Четвёрка на завтра

«Четвёрка на завтра» (англ. Four for Tomorrow) — первый сборник малой прозы Роджера Желязны. Вышел в 1967 году, в 1969 был переиздан как «Роза для Екклесиаста» (A Rose for Ecclesiastes). Включил в себя 4 повести: «Двери лица его, пламенники пасти его», «Кладбищенское сердце», «Роза для Екклесиаста», «Фурии».

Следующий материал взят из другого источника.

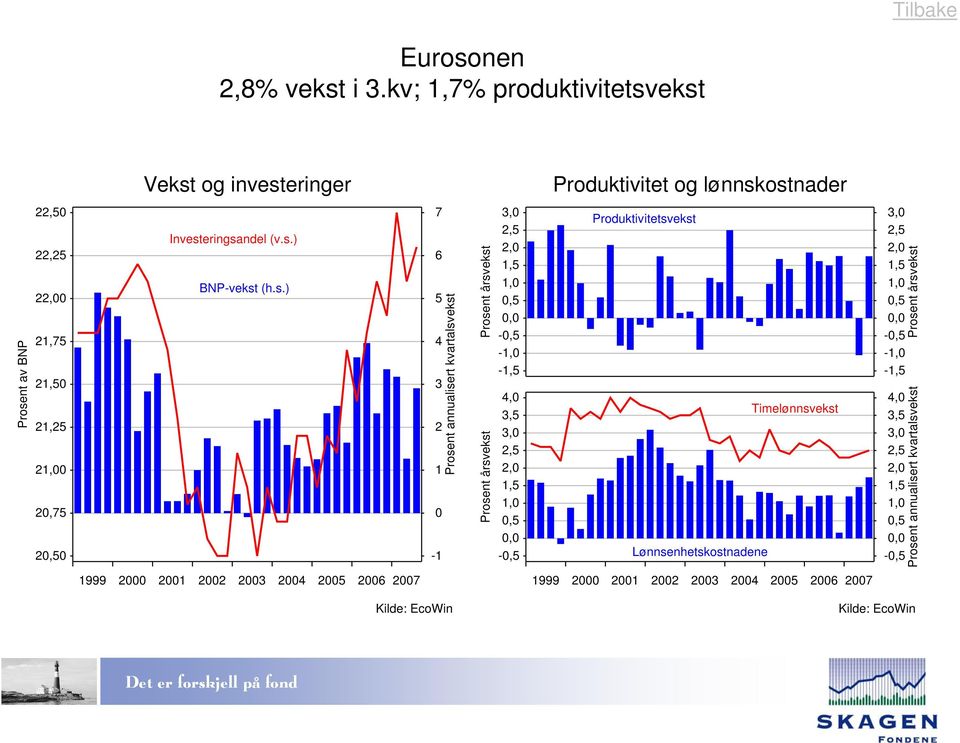 BNP,,,,,,,,, Invest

Двери лица его, пламенники пасти его править

The Doors of His Face, the Lamps of His Mouth, 1965; перевод: А. Пчелинцев, М. А. Пчелинцев, 1995. Повесть дала название его второму сборнику (1971).
  •  

Я — наживляльщик, а если разобраться, так и попросту — наживка. Прирождённых наживляльщиков не бывает — кроме как в одном французском романе, где все герои такие. (Если память мне не изменяет, этот роман называется «Все мы — наживка». Тьфу.) — начало

 

I'm a baitman. No one is born a baitman, except in a French novel where everyone is. (In fact, I think that's the title, We are All Bait. Pfft!)

  •  

Венера ночью — сплошь густо-чёрная вода. Стоя на берегу, никогда не различить, где кончается море и где начинается небо. Рассвет похож на молоко, вливаемое в чернильницу. Вначале появляются отдельные сгустки белого, потом — целые полосы. Разбавьте содержимое бутылки до получения ровного серого цвета, а затем наблюдайте, как оно белеет. Через некоторое время вы получите день. Теперь начните всё это нагревать.

 

Venus at night is a field of sable waters. On the coasts, you can never tell where the sea ends and the sky begins. Dawn is like dumping milk into an inkwell. First, there are erratic curdles of white, then streamers. Shade the bottle for a gray colloid, then watch it whiten a little more. All of a sudden you've got day. Then start heating the mixture.

  •  

Наживив своего механического угря на крючок, я вытащил затычки и стал смотреть, как он раздувается. За время этой полутораминутной процедуры меня затащило ещё глубже, и я оказался близко — слишком уж близко — от того места, где никогда не хотел быть.
Раньше мне было страшно включать фонарь, но теперь я не мог его выключить. Я боялся остаться в темноте; охваченный паникой, я намертво вцепился в трос, а дергунчик тем временем вспыхнул неярким розовым светом и начал извиваться. Он был в два раза больше и в двадцать раз привлекательнее меня — во всяком случае, в глазах пожирателя розовых дергунчиков. Я повторял себе это, пока, наконец, не поверил, потом выключил свет и поплыл вверх.
Моё сердце имело чёткую инструкцию: если я уткнусь во что-нибудь огромное со стальной шкурой немедленно остановиться и отпустить мою душу, чтобы та потом вечно моталась по Ахерону, оглашая его бессвязными бормотаниями.

 

My mechanical eel hooked up, I pulled its section plugs and watched it grow. I had been dragged deeper during this operation, which took about a minute and a half. I was near—too near—to where I never wanted to be.
Loathe as I had been to turn on my light, I was suddenly afraid to turn it off. Panic gripped me and I seized the cable with both hands. The squiggler began to glow, pinkly. It started to twist. It was twice as big as I am and doubtless twice as attractive to pink squiggler-eaters. I told myself this until I believed it, then I switched off my light and started up.
If I bumped into something enormous and steel-hided my heart had orders to stop beating immediately and release me—to dart fitfully forever along Acheron, and gibbering.

  •  

— Я наслышан о вас обоих. Значит, ты — разгильдяй и подонок, а она — стерва. В наши дни это называют психологической совместимостью.

 

"I've heard the stories about you both. So you're a heel and a goofoff and she's a bitch. That's called compatibility these days."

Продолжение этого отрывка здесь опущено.